La Fontaine pourrait bien être, de tous nos écrivains patrimoniaux, le plus malmené. On l’ignore déjà comme poète, obnubilé par le sempiternel fabuliste, quand, poète, il est peut-être le plus grand. Mais comme fabuliste c’est plus grave encore, tant sa réputation relève du contresens permanent. Responsable principale, la Troisième République qui est encore la nôtre, gratuite, obligatoire et laïque, qui s’est empressée de l’annexer à la morale bourgeoise, elle aussi obligatoire ô combien et urgente ; mais le tort avait commencé bien avant, en réalité dès le début, pourquoi pas de son vivant. Car si La Fontaine, on l’oublie souvent, n’est pas seulement l’auteur des Fables, celles-ci se sont d’emblée insérées dans un projet pédagogique déjà nourri de quelques-uns de ses modèles antiques. Ensuite advienne que pourrait.

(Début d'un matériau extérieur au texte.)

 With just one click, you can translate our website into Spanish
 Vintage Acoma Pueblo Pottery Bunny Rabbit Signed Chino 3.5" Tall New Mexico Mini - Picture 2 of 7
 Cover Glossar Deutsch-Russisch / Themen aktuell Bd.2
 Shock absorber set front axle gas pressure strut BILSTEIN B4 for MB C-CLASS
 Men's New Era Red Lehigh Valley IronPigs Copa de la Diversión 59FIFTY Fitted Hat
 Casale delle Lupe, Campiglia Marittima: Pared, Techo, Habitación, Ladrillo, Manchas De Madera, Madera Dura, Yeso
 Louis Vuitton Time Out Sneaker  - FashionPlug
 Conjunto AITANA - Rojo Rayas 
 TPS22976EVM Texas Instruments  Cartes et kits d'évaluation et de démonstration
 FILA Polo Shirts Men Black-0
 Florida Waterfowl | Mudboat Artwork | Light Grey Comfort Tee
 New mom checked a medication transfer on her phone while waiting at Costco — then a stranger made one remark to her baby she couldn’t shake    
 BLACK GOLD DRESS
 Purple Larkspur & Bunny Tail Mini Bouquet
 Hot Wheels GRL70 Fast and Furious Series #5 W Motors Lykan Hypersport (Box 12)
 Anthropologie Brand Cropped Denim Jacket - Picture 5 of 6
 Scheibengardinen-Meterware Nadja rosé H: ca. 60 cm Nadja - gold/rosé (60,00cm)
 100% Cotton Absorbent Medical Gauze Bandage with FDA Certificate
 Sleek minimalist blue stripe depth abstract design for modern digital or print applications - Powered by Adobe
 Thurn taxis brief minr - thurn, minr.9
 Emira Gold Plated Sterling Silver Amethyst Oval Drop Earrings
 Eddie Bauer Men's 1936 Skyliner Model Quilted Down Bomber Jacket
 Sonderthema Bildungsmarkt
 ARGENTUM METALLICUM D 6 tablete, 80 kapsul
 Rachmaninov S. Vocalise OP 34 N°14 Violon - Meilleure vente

Dès le siècle suivant (Emile ou De l’éducation, 1762), le Genevois J.J.Rousseau pointe dans cet enseignement des partis pris scandaleux et des contresens manifestes. Qu’il en rende responsable La Fontaine lui-même n’est au fond qu’un épiphénomène : un poète n’a pas à se justifier, moins encore à se faire son propre exégète. Mais au-delà, Rousseau sait parfaitement qui est le coupable, et quelles vérités il est urgent de rétablir (ou d’établir) :
« On fait apprendre les fables de La Fontaine à tous les enfants, et il n’y en a pas un seul qui les entende. Quand ils les entendraient, ce serait encore pis ; car la morale en est tellement mêlée et si disproportionnée à leur âge, qu’elle les porterait plus au vice qu’à la vertu. »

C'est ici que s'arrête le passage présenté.